**WHAT IS REQUIRED**
Transcribe the records that follow. Keep every word exactly, and drop the pictures.

**Items from a dataset**
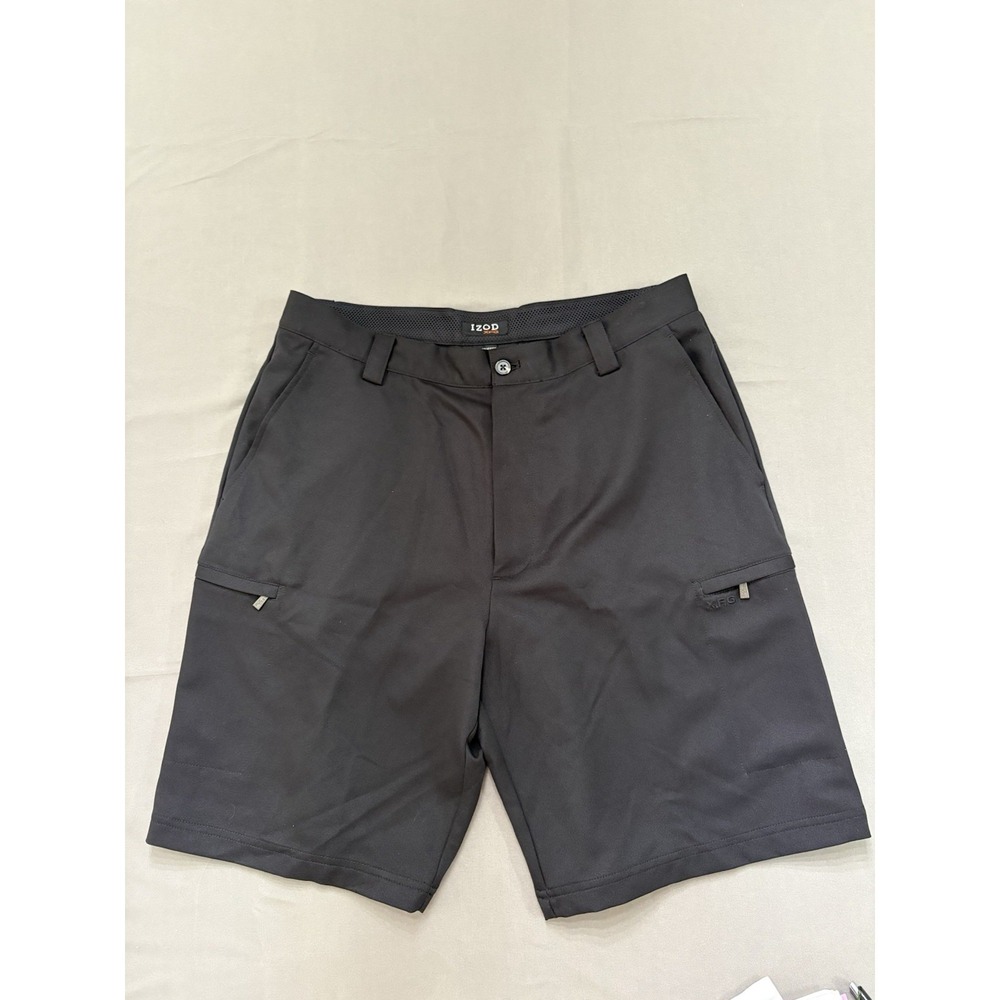 Izod XFG Men's Golf Extreme Function Cargo Black Shorts Size 33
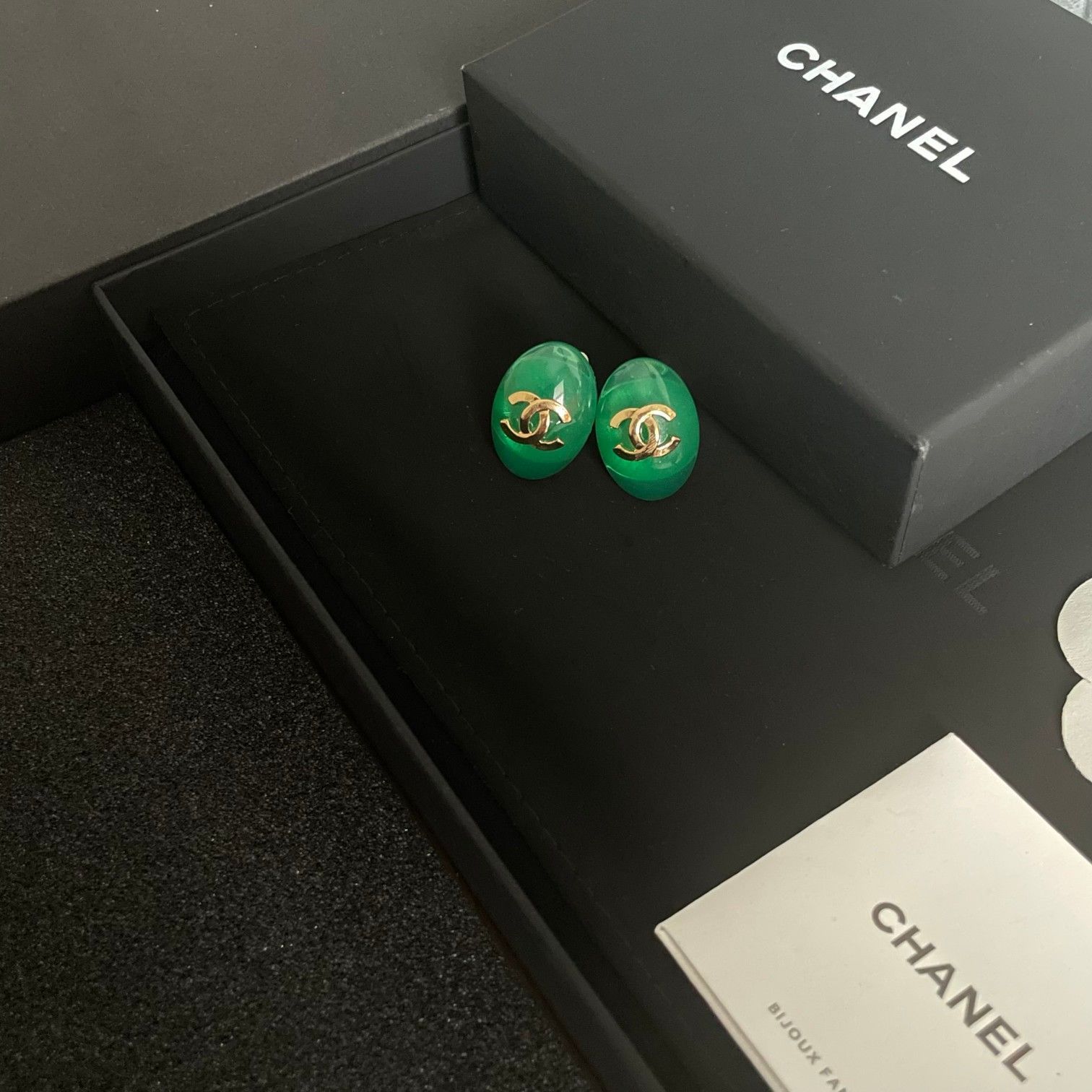 【優雅で艶やか！】洗練された輝きを演出◇ CHANEL ピアス org.jpg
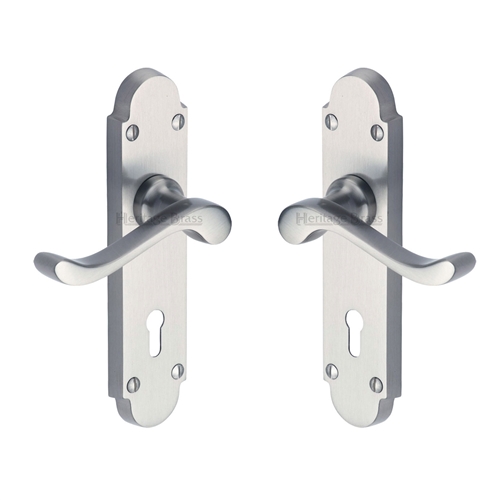 Savoy Door Handle on Plate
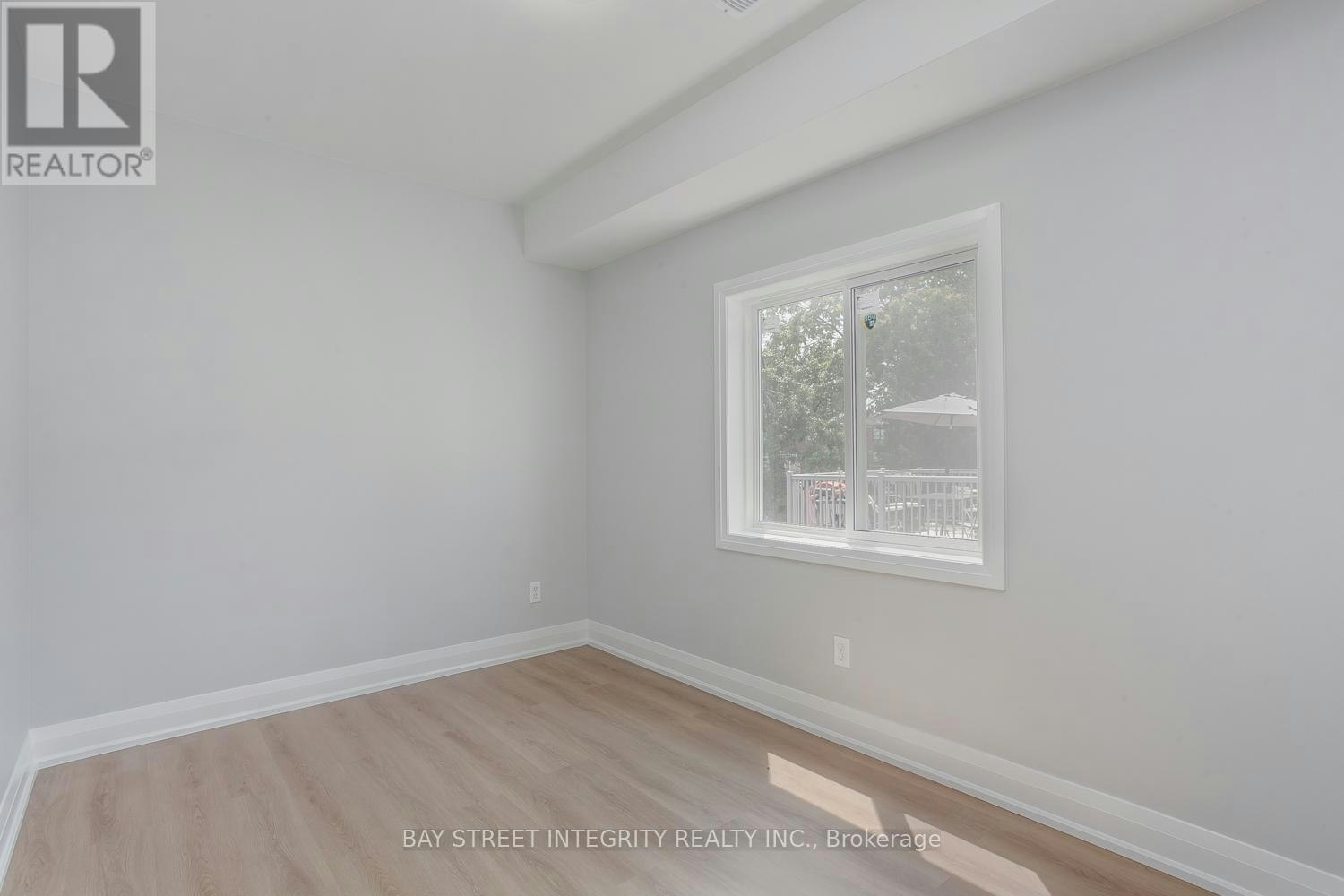 UPPER FLOOR-19 D'arcy Street, Toronto, ON, M5T 1J8 - 12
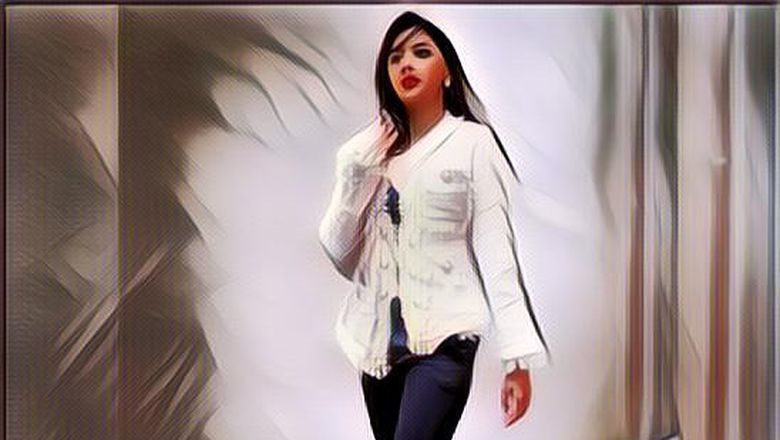 Mewah dan Gorgeous, Intip Penampilan Siwi Eks Pramugari Garuda Indonesia Saat Jadi Saksi Sidang Kasus Pencucian Uang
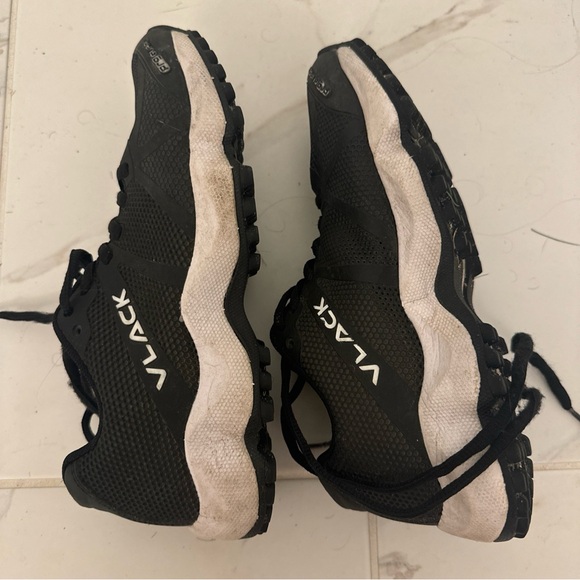 Vlack field hockey turf shoes- size 5 - Picture 4 of 4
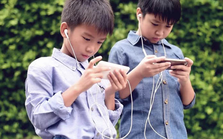Nghiên cứu của ĐH Harvard: Bộ não của trẻ nghiện điện thoại và trẻ không dùng điện thoại có điểm khác biệt rất lớn, phụ huynh lưu ý nếu không muốn tương lai con bị hủy hoại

**SOLUTION TO THE PROBLEM**
 Izod XFG Men's Golf Extreme Function Cargo Black Shorts Size 33
 【優雅で艶やか！】洗練された輝きを演出◇ CHANEL ピアス org.jpg
 Savoy Door Handle on Plate
 UPPER FLOOR-19 D'arcy Street, Toronto, ON, M5T 1J8 - 12
 Mewah dan Gorgeous, Intip Penampilan Siwi Eks Pramugari Garuda Indonesia Saat Jadi Saksi Sidang Kasus Pencucian Uang
 Vlack field hockey turf shoes- size 5 - Picture 4 of 4
Nghiên cứu của ĐH Harvard: Bộ não của trẻ nghiện điện thoại và trẻ không dùng điện thoại có điểm khác biệt rất lớn, phụ huynh lưu ý nếu không muốn tương lai con bị hủy hoại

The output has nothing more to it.